Various studies have shown that there is a link between shareholder rights and corporate performance, in the sense that being able to exercise shareholder voting rights, or engage with companies via dialogue or other means such as focus lists, has a positive effect on corporate performance. Gompers et al. (2003) examined the ways in which shareholder rights vary across firms. They constructed a ‘Governance Index’ to proxy for the level of shareholder rights in approximately 1,500 large firms during the 1990s. An investment strategy that bought firms in the lowest decile of the index (strongest rights) and sold firms in the highest decile of the index (weakest rights) would have earned abnormal returns of 8.5 percent per year during the sample period. They found that firms with stronger shareholder rights had higher firm value, higher profits, higher sales growth, lower capital expenditures, and made fewer corporate acquisitions.

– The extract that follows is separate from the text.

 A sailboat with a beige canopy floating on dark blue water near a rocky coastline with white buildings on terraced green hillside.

In situations where directors are not responsive to dialogue with institutional shareholders, then investor activism may include putting the company on a focus list such as those operated by the California Public Employees Retirement System (CalPERS). Corporate performance is often shown to improve after such engagement, for example, studies such as those carried out by Nesbitt (1994) have reported positive long-term stock price returns to firms targeted by CalPERS. Nesbitt’s later studies show similar findings. Brav et al. (2008) describe various objectives of hedge funds’ activism (e.g., changes to company capital structure, altering company business strategy, seeking a sale of the target company, and making improvements to its corporate governance) and found that target companies experience increases in returns on assets, operating profit margins, and total payout yields.
The effectiveness of engagement is also highlighted by the study carried out by Becht et al. (2009). The researchers were given unlimited access to Hermes’ resources such as reports, transcripts of telephone conversations and so on which documented the work with the companies in which Hermes’ UK Focus Fund invested over the 1998–2004. They reviewed all forms of public and private engagement with 41 companies. They found that when the engagement objectives led to actual outcomes, there were economically large and statistically significant positive abnormal returns around the announcement date. On the basis of their findings they concluded that shareholder activism can produce corporate governance changes that generate significant returns for shareholders.

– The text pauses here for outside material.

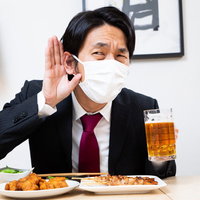 マスク越しの飲み会でよく聞こえない男性会社員の写真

Finally, the global financial crisis has once again highlighted the importance of corporate governance in restoring trust in global capital markets. The ICGN (2009b) statement emphasized ‘…securing and maintaining the rights of shareholders and developing the transparency needed for them to exercise these rights in a responsible, informed, and considered way’. Ultimately it is only with shareholders exercising their protected rights and engaging with companies that overall risks can be mitigated and long term sustainable corporate performance achieved.